Consequences of Non-Compliance with Back Tax Returns

Failing to file tax returns or pay taxes on time can have serious consequences for taxpayers, including:

  1. Penalties: The IRS imposes various penalties for non-compliance, including penalties for late filing, late payment, failure to pay estimated taxes, and accuracy-related penalties for underreporting income or overstating deductions.
  2. Interest: Interest is charged on unpaid taxes from the due date of the return until the date of payment. The interest rate is determined by the IRS and is compounded daily, increasing the total amount owed by the taxpayer over time.
  3. Legal Actions: In extreme cases of non-compliance, the IRS may take legal actions against taxpayers, including wage garnishment, bank levies, property liens, or even criminal charges for tax evasion or fraud.
  4. Loss of Tax Benefits: Failing to file tax returns or report income accurately may result in the loss of tax benefits and credits that taxpayers may be eligible for, such as deductions, exemptions, or refundable credits.

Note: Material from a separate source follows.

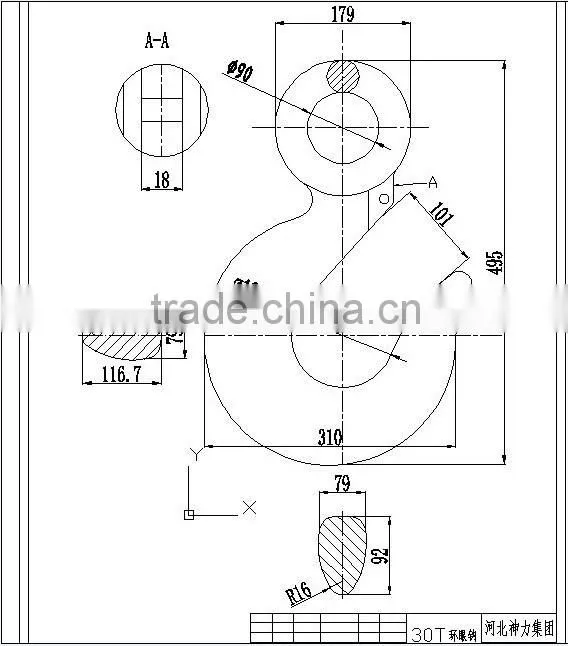 G80 european type eye hook with latch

How to Resolve Back Tax Returns

Resolving back tax returns requires proactive steps and cooperation with the IRS. Here are some steps taxpayers can take to address their back tax issues:

  1. File Delinquent Tax Returns: Start by filing any delinquent tax returns as soon as possible to bring your tax filings up to date. Gather all relevant documentation, such as income statements, expense records, and other tax documents needed to prepare and file your returns accurately.
  2. Pay Overdue Taxes: Pay any overdue taxes owed to the IRS to avoid further penalties and interest accrual. If you’re unable to pay the full amount owed, consider setting up an installment agreement with the IRS to pay off your tax debt over time.
  3. Communicate with the IRS: If you’re unable to pay your taxes in full or if you’re experiencing financial hardship, communicate with the IRS to discuss payment options and potential arrangements. The IRS may be willing to work with you to set up a payment plan or offer other relief options based on your financial situation.
  4. Seek Professional Assistance: If you’re unsure about how to resolve your back tax issues or if your tax situation is complex, consider seeking assistance from a tax professional or accountant who can provide guidance and support throughout the process.

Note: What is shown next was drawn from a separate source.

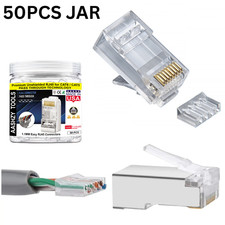 Conector Ethernet 50 piezas Cat6 RJ45 2 piezas RJ45 paso a través UTP 8P8C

Dealing with back tax returns can be a challenging and stressful process, but it’s essential to address these issues proactively to avoid further consequences and penalties. By understanding how the IRS goes after back tax returns, including its enforcement actions and consequences for non-compliance, taxpayers can take steps to resolve their tax issues and regain compliance with their tax obligations. If you’re facing back tax issues, don’t hesitate to seek assistance from a tax professional or accountant who can help you navigate the process and achieve a favorable resolution with the IRS.